▸ Collected data entries:
********************
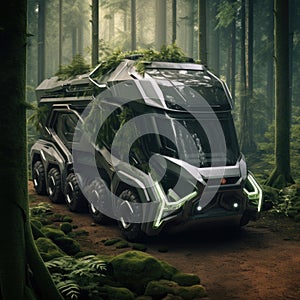 Truck. Ecological concept. Truck made of green vegetation in the forest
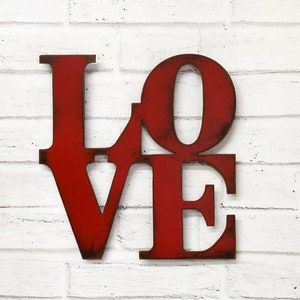 LOVE Metal Wall Art Home Decor - Choose 8", 11", 17", 24", 30" or 36" tall - Choose your Patina Color - Handmade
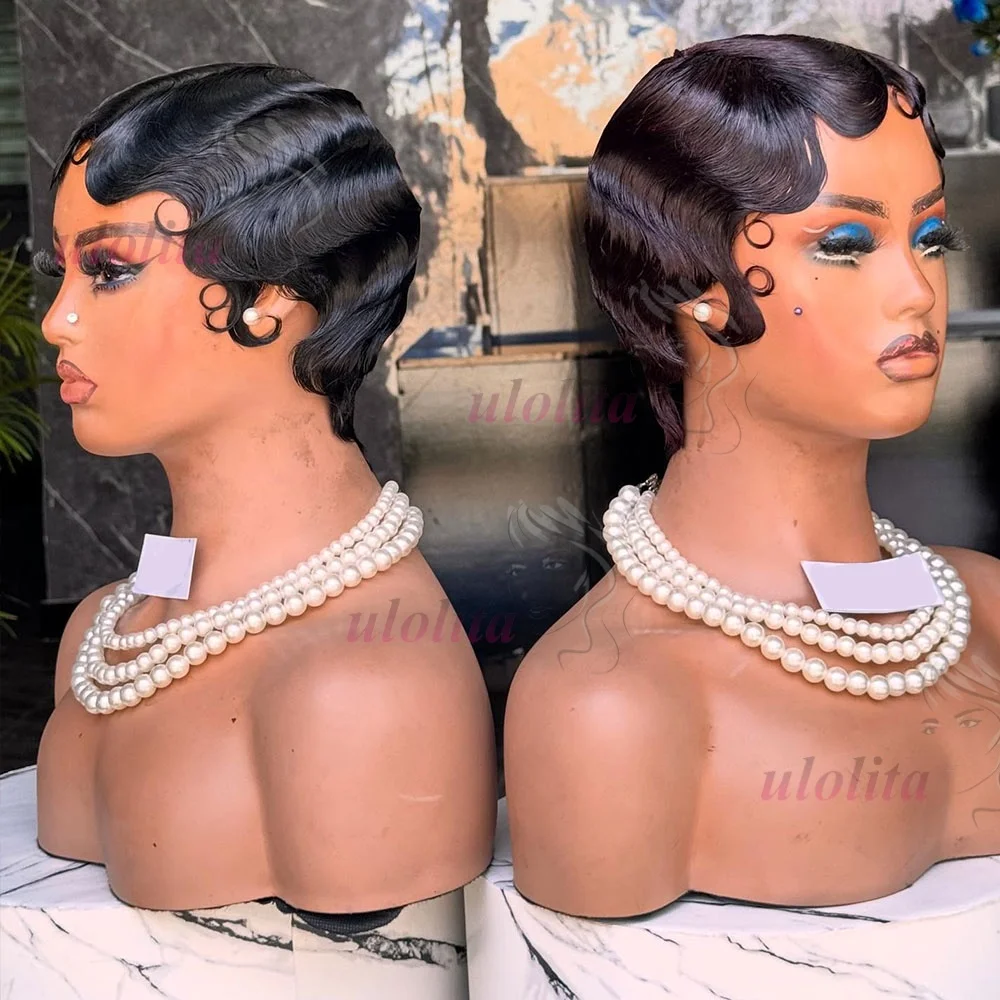 Kurze Fingerwellen-Perücke aus brasilianischem Echthaar für Frauen, kurze Wasserwellen-Perücke, tiefe Wellen-Perücke, Pixie-Cut-Perücken für den täglichen und Partygebrauch. – Detail 1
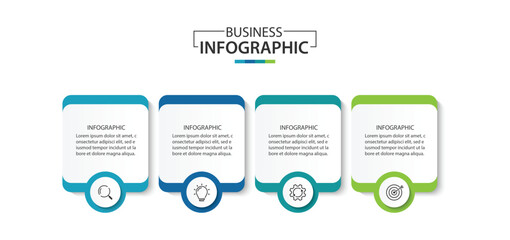 Wall Mural - vector infographic label design template with icons and 4 options or steps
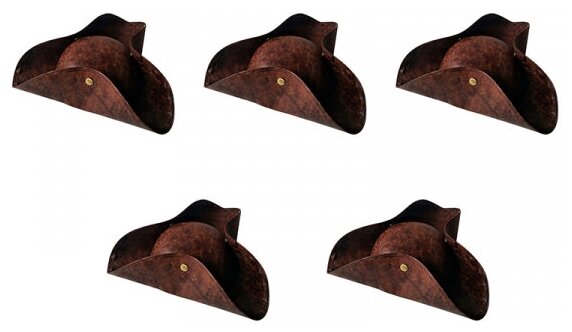 Шляпа пирата треуголка "Джек Воробей" пиратская (Набор 5 шт.)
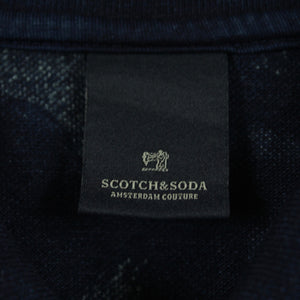 Second Hand SCOTCH & SODA Poloshirt Gr. S blau mehrfarbig Palmen (*)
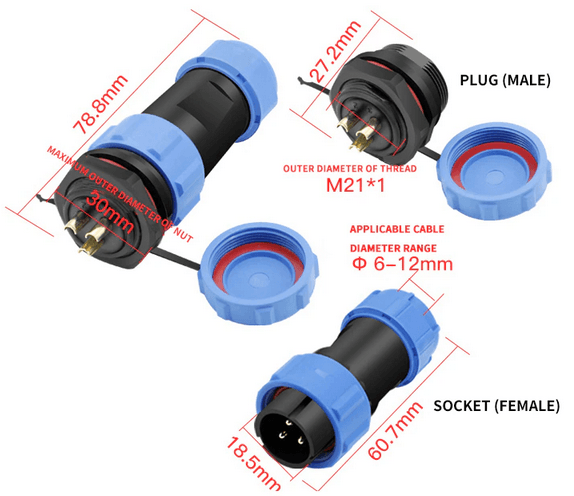 Conector de alta corriente IP67 2P panel pasante 30A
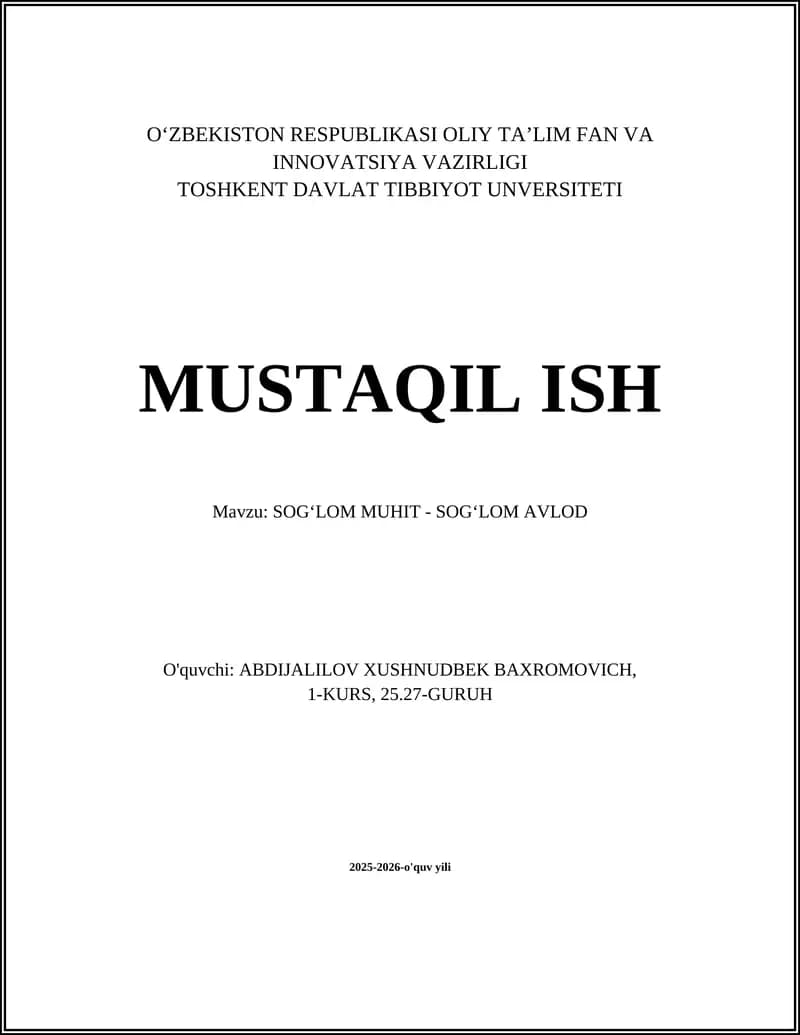 SOG‘LOM MUHIT - SOG‘LOM AVLOD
********************
▸ Your instructions:
Start at the line that contains "Wall Mural - vector" and retype every line through the end of the entries above, both ends included. Exclude all pictures.

▸ Answer:
 Wall Mural - vector infographic label design template with icons and 4 options or steps
 Шляпа пирата треуголка "Джек Воробей" пиратская (Набор 5 шт.)
 Second Hand SCOTCH & SODA Poloshirt Gr. S blau mehrfarbig Palmen (*)
 Conector de alta corriente IP67 2P panel pasante 30A
 SOG‘LOM MUHIT - SOG‘LOM AVLOD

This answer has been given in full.